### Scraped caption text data
*** Begin section ***

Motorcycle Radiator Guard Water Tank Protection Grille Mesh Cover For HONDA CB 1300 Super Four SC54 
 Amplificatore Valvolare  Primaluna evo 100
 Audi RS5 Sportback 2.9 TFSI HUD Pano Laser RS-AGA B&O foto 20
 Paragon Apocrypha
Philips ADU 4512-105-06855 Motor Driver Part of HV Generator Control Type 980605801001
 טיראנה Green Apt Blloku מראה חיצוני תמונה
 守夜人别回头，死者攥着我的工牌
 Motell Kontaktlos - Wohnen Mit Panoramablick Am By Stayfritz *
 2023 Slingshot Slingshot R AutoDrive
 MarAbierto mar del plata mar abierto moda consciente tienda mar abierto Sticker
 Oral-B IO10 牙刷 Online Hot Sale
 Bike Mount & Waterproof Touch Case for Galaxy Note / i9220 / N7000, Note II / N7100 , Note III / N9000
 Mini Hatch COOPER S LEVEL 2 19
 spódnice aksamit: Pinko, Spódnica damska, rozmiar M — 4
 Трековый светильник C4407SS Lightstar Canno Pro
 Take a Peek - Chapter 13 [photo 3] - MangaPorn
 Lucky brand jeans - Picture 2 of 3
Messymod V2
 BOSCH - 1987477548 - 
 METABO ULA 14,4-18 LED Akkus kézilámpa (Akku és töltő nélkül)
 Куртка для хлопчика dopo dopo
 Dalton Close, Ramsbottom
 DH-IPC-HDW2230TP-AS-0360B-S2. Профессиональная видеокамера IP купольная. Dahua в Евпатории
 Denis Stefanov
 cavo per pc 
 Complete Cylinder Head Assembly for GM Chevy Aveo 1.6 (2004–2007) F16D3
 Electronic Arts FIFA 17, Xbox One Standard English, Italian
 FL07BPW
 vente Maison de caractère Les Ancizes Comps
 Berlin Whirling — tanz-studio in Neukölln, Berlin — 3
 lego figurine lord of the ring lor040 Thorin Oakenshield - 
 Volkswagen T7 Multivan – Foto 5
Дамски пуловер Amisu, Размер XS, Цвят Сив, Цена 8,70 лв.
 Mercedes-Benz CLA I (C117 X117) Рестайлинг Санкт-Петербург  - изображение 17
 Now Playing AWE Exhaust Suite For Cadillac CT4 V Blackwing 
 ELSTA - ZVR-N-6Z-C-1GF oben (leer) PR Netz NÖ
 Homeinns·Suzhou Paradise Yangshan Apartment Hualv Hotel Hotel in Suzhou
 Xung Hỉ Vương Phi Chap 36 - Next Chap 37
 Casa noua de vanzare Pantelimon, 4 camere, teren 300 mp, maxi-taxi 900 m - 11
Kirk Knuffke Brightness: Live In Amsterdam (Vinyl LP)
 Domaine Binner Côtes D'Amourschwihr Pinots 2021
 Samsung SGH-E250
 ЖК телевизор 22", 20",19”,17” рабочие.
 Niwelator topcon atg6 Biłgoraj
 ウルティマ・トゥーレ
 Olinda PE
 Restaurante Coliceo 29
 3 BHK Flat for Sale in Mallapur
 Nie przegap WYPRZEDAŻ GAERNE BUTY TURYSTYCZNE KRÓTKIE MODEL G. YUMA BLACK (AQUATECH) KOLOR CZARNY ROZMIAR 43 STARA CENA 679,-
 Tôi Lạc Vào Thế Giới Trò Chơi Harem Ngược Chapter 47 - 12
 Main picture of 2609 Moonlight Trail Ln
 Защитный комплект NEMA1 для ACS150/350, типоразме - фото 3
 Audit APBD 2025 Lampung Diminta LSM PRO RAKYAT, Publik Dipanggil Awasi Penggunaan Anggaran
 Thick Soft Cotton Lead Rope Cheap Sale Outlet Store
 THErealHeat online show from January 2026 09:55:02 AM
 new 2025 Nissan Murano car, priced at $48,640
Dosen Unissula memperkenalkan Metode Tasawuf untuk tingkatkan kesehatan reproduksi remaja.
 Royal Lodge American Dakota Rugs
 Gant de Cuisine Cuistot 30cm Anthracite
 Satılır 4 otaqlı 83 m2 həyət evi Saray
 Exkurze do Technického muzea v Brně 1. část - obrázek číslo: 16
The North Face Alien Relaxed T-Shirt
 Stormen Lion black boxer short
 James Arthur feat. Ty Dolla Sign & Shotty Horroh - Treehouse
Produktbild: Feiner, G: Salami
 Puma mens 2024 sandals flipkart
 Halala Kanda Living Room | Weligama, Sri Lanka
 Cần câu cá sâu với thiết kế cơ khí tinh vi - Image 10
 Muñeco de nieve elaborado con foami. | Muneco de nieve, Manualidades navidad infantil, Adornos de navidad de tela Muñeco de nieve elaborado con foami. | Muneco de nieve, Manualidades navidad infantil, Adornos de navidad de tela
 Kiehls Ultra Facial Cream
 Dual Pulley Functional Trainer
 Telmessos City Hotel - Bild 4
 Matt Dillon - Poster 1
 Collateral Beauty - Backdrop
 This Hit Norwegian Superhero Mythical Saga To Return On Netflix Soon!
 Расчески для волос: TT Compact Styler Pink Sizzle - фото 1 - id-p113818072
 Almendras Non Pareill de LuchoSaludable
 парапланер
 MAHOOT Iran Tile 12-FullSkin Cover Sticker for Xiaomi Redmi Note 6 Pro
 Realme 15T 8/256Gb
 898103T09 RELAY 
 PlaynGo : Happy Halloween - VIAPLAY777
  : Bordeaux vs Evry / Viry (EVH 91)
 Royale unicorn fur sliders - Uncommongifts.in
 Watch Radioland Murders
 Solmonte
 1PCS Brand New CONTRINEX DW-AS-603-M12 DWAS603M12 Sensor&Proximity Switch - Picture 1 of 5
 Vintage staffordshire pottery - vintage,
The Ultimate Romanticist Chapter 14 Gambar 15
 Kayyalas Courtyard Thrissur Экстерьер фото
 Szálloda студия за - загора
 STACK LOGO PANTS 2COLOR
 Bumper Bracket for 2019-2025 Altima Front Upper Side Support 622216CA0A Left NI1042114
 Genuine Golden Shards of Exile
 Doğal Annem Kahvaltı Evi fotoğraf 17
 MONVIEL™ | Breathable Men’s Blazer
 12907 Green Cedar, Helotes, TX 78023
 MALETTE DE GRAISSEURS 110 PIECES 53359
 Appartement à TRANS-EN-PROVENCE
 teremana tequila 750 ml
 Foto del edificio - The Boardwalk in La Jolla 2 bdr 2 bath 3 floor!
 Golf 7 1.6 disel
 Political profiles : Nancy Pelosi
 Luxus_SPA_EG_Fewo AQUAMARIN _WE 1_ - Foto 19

*** End section ***

### Your assignment
Reproduce every line from the preceding data in which the word "Green" can be found.

### Completed task
 טיראנה Green Apt Blloku מראה חיצוני תמונה
 12907 Green Cedar, Helotes, TX 78023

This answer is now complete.